Leitora, é interessante, por exemplo, comparar o Brasil com os Estados Unidos. Os pais fundadores norte-americanos, entre os quais se destaca Thomas Jefferson, desde cedo já idealizaram a nação de acordo com os avançados princípios do iluminismo. No Brasil, isso não fez muito sentido. Outro tema interessante é o ensino. Aqui, a primeira universidade só foi surgir na década de 1920. Em entrevista do Jornal da Unicamp, o professor de filosofia Roberto Romano tem uma interessante opinião sobre o motivo do tardio aparecimento do ensino superior em nossas terras: “Em primeiro lugar, o fato de que a política de Portugal para as colônias foi extremamente restritiva ao desenvolvimento do saber, da técnica e sobretudo da cultura laica. Portugal foi um campeão da contra-reforma, que significou um atraso na Europa inteira...”. Nos Estados Unidos, Harvard foi fundada em 1636.

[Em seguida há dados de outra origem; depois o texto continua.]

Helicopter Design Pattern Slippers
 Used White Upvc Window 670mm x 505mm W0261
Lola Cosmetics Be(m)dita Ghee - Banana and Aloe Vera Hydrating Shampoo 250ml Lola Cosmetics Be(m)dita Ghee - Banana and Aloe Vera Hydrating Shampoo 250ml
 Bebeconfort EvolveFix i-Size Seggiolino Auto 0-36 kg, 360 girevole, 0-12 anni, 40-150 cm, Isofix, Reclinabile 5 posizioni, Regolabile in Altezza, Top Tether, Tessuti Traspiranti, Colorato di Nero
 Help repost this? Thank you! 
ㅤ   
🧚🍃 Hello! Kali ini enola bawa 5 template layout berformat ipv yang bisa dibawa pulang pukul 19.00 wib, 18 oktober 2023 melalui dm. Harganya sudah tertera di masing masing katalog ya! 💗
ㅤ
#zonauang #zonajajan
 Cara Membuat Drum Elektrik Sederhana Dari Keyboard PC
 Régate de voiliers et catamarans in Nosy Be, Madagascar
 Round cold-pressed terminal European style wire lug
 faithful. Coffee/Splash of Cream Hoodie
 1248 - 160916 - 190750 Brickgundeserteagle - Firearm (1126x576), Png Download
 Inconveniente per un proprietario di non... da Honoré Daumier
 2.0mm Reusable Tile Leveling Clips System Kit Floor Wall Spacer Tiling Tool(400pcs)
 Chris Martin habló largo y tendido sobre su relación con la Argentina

Receio que esses fatores – e possivelmente outros – contribuíram e muito para o atraso intelectual do brasileiro. Acho muito forçoso pensar que em algum determinado dia iremos acordar com sede de cultura e conhecimento e, por conseguinte, consciência social. Acredito que a única maneira do brasileiro se elevar um pouco mais é um grande investimento em educação básica. Mas isso também incorre em um problema, a dependência de nossa classe política que já demonstrou não ter interesse em um povo mais intelectualizado. Enfim, o povo tem de ser educado de maneira eficiente. É isso que vai gerar a riqueza e a mão de obra qualificada.
Quanto ao Kaká e os auto-intitulados bispos, acho que nos entendemos.